Its role is different from other paper cushioning options. Molded pulp protects products through shape-matched point contact. Paper pallets and paper blocks carry stacking and forklift loads from below. Honeycomb paperboard sits in between, taking planar load and impact on the sides, top, and corners of a product.
Where honeycomb works well as a foam replacement
The conditions where honeycomb paperboard replaces foam well usually share three traits: load is spread over a surface rather than a point, impact direction is predictable, and the storage and transport environment is reasonably dry.
- White goods and display panels — corner guards and top or bottom face cushions in honeycomb can match EPS in weight while keeping the recycling stream clean.
- Automotive parts and industrial machine parts — door panels, bumpers, and transmission cases with a flat reference face suit planar honeycomb cushioning.
- Furniture and large interior components — corner and side wraps in honeycomb reduce compression damage during stacking and dispose with the corrugated stream.
- Container void fill in export cases — boards used as void fill between cartons and between cargo and container walls reduce vibration and surface impact at the same time.

Two benefits are clear in these contexts. First, recovery and recycling become simpler at end of life. Both Korea and the EU treat the material as paper for separate collection, which makes EPR reporting and ESG disclosure cleaner. Second, the print surface is wide enough to carry handling icons, stack counts, and barcodes directly on the cushion.
Where honeycomb gets weak
Foam-to-honeycomb substitution does not always succeed. The structure has known limits.
First, point loads and corner impacts. A concentrated load over a small area can punch through the liner and buckle the cells. A 10 mm board and a 30 mm board at the same density behave very differently here. Where product corners, feet, or legs touch the cushion, the pad should be thicker, or honeycomb should be combined with molded pulp or extra corrugated reinforcement.
Second, humidity and condensation. Standard kraft-linered honeycomb can lose more than half its compressive strength when relative humidity stays above roughly 85 percent or when condensation repeats. Ocean container shipments, destinations in Southeast Asia and the Middle East, and storage near chilled rooms need moisture-resistant liners, polycoat, or edge sealing.

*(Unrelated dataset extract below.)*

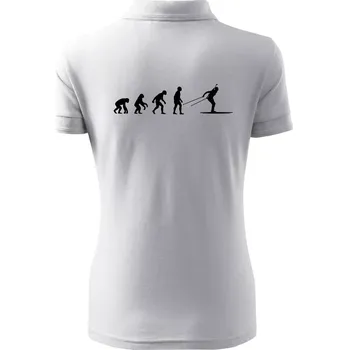 Biathlon Evoluce Běh - Polokošile dámská Pique Polo - 2XL ( Bílá )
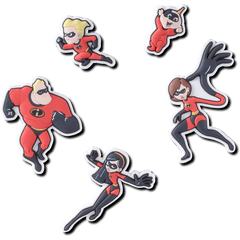 Pixar Incredibles 5 Pack Jibbitz charm | Crocs discount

Third, recovery after repeated impact. EPS recovers some of its shape after deformation. A buckled honeycomb cell stays collapsed. Cargo exposed to repeated impacts in the same spot, such as long-haul trucking and multi-level stacking, needs pad placement that spreads impact rather than concentrating it.
Fourth, low volume and frequent design changes. Honeycomb is stable in mass production once cell size, thickness, and liner basis weight are fixed, but die tooling costs and converting waste add up when prototypes change often. Below about 100 prototype units with frequent drawing changes, corrugated cushioning structures or molded pulp tooling can be more efficient.
A practical checklist for comparing foam and honeycomb
When honeycomb paperboard is reviewed as a foam alternative, the quotation and specification meeting should look at more than unit price.
- Load distribution — planar or point load. If point load dominates, increase thickness or combine materials.
- Impact direction — single direction or multi-direction vibration. Multi-direction cargo needs distributed pad placement and corner guards.
- Destination environment — average humidity, condensation risk, storage duration. High humidity routes need barrier coatings, heavier liners, or edge sealing.
- Stacking pattern — tiers, weight per carton, container loading pattern. Combine ECT and BCT with residual compression of the honeycomb pad.
- Return and reuse requirements — foam recovers shape better than honeycomb. Returnable or rental packaging needs a different design.
- Print and labeling needs — honeycomb has more direct print surface.
- Volume and drawing stability — mass production with stable drawings makes die investment pay back faster.

This checklist is not just for a price comparison sheet. It is meant to reduce the damage, claims, and repacking costs that can show up when foam is replaced too quickly. EPR fee per unit, end-of-life cost, and ESG scoring also matter and rarely show up in the raw material price column.
Designing honeycomb together with other paper solutions
Trying to do all the packaging with honeycomb alone is often less efficient than splitting roles across paper-based structures.
- Base structure — paper pallets and paper blocks carry stacking load and forklift entry.
- Product contact face — molded pulp or corrugated inserts handle point contact and shape protection.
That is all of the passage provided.